A reading of the above averment which is clear and unambiguous, shows that the claimant sustained injuries when she was in the process of getting down from the bus as the bus was moved all of a sudden by its driver. The mother of the claimant who is an eye witness to the incident has given evidence as P.W.1. In her evidence she has stated thus:

"My daughter Rukmini Bai on whose behalf I applied this Petition for compensation now 11 years of age. 1 1/2 years ago, this Rukmini Bai and I were travelling in a bus from Magadi to Vengalappanahalli boarding it at about 7-30 p.m. When it came to our village and halted some of the passengers were getting down, my daughter was also getting down and the bus started suddenly as a result of which its body behind hit her...."

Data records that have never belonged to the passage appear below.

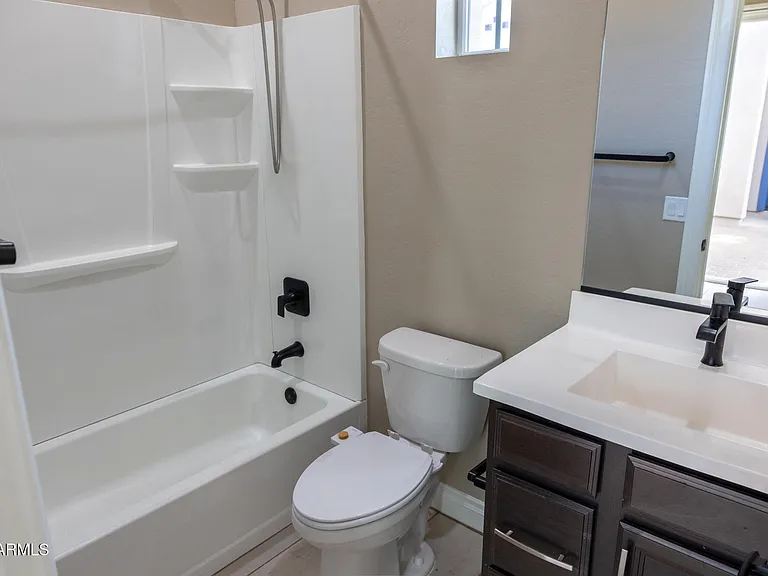 2462 E Lovebird Ln — Photo 6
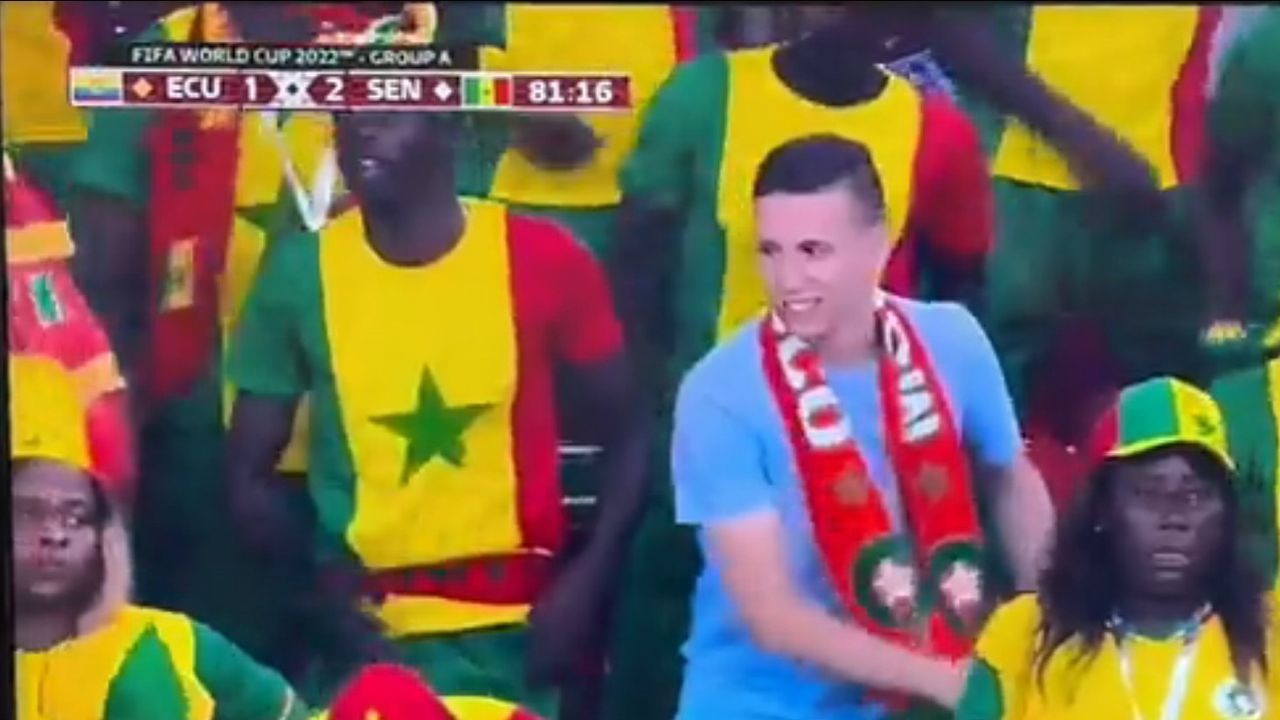 Fans Maroko Kedapatan Menari Bersama Suporter Senegal Saat Melawan Ekuador di Piala Dunia 2022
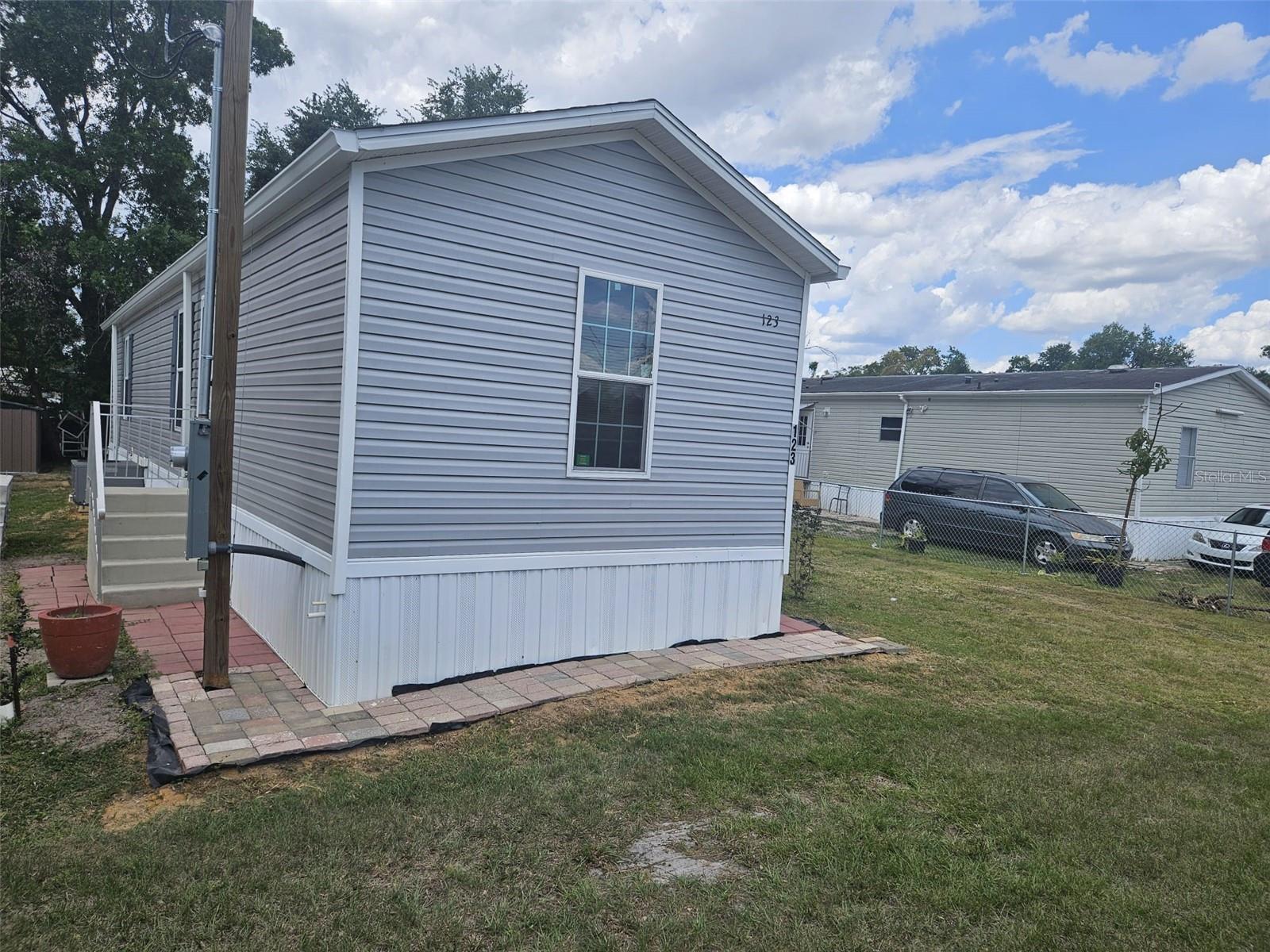 123 4th Street, FL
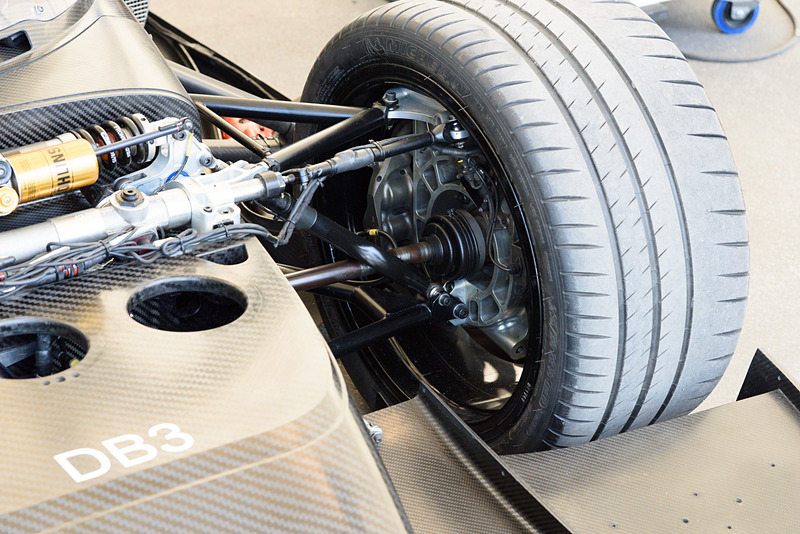 前輪の内側。車軸が見える。回生発電のためなのだろうか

The evidence give by P.W.1 is consistent with what is stated in the Claim Petition. According to Section 95(1) of the Motor Vehicles Act, 1939, every insurance policy is bound to cover risk in respect of death or bodily injury to persons being carried in or entering or mounting or alighting from, the vehicle at the time of occurrence of the event out of which the claim arises. In the present case, there is no room for doubt that the accident occurred at that time when the claimant was alighting from the vehicle.

9. The learned Counsel for the claimant as well as the learned Counsel for the owner of the vehicle strenuously contended that the claimant had already alighted from the bus and she had ceased to be a passenger and, therefore, in relation to the accident, she was a third party and, consequently, the liability of the Insurance Company exists to pay the entire compensation awarded. If really the claimant had already alighted from the bus and thereafter the accident had occurred, the contention urged by them would have been unexceptionable. But, the pleadings and the evidence in the case establishes that when the claimant was in the process of alighting from the bus, on account of the bus having been moved by the driver, she fell down and was hit by the mudguard of the bus, and thereby she sustained injuries. In view of the Explanation below Section 95(1) a person in the process of alighting from a passenger vehicle, is a passenger and, therefore, in the present case, it is not possible to hold that the claimant had ceased to be a passenger and had become a third party, From this it follows, while the risk in respect of the death of passenger has to be compulsorily covered by the insurance policy, the limit of liability was Rs. 15,000/- according to Sub-section 2 of Section 95 as it stood on the date of the accident.

10. In the result, we make the following order:

(i) The Appeal is allowed;
(ii) The award made by the Tribunal is modified to this extent namely, that the liability of the Insurance Company is limited to Rs. 15,000/- and the interest thereon; and
(iii) In other respects, the award remains undisturbed.